This is what the Lebanese journalist, Michael Behe, wrote on July 30. His commentary was posted on the website of the Metula News Agency in Beirut.

To understand the Lebanese situation, it helps to know that, despite a history that dates back to biblical times, modern Lebanon was literally the invention of Western powers, England and France, after WWI in 1920. It became independent of France in the late 1940s.

Then, in the 1970s, the Palestinians, driven out of Jordan and elsewhere, moved in. Doing what they do best, they started a civil war and, in 1978, after a Palestine Liberation Organization attack killed 37 Israeli civilians, Israel launched an offensive to drive them away from its northern border.

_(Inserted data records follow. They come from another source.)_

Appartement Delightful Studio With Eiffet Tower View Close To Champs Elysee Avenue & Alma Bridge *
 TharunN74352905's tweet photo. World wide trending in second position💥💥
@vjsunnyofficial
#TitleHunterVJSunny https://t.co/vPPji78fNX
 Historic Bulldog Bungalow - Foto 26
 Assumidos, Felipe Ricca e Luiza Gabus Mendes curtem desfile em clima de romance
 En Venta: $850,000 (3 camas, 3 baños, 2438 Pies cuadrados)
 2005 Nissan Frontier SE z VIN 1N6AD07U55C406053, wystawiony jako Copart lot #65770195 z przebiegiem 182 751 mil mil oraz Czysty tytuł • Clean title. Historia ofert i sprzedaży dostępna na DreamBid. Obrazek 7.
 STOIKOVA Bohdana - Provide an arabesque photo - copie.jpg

In 1982, Israel again invaded in response to attacks. Christian Lebanese troops entered Palestinian refugee camps and massacred hundreds. The era of the Palestinians was over, but by the next decade its successor, Hezbollah, was routinely shelling Israel, provoking Israeli military responses. After a long occupation of southern Lebanon, in 2000 Israel decided to withdraw its troops.

On February 14, 2005, Rafiq al-Hariri, a former prime minister of Lebanon, was assassinated in Beirut. His death points back to Damascus. He had become an outspoken opponent to the Syrian occupation of Lebanon that had begun 1976, a year after the outbreak of the civil war. In the years that followed, thousands of Lebanese were brutally imprisoned or killed by Syrian occupiers.

By 1991, the domination of Lebanon by Syria had been formalized with a defense and security agreement. This was followed two years later by an economic agreement in which Lebanon’s true status as a colony of Syria was made official.

Hariri’s assassination generated a rally in which the streets of Beirut filled with anti-Syrian Lebanese. It was dubbed the "Cedar Revolution" and lasted about five minutes. Days later, on March 8, 2005 Hezbollah was able to put over a million other Lebanese into the streets. This was followed by an election that was so gerrymandered only pro-Syrian candidates had any chance of being elected. Hezbollah had reinvented itself as a political party.

Under intense international pressure, Syria prudently removed its troops from Lebanon after the Hariri assassination. An earlier 2004 United Nations Security Council resolution 1559 demanding this action had been ignored. The various elected governments of Lebanon had turned a blind eye to the growth of Hezbollah. Funded and trained by Iran and supplied through Syria, Hezbollah was in charge.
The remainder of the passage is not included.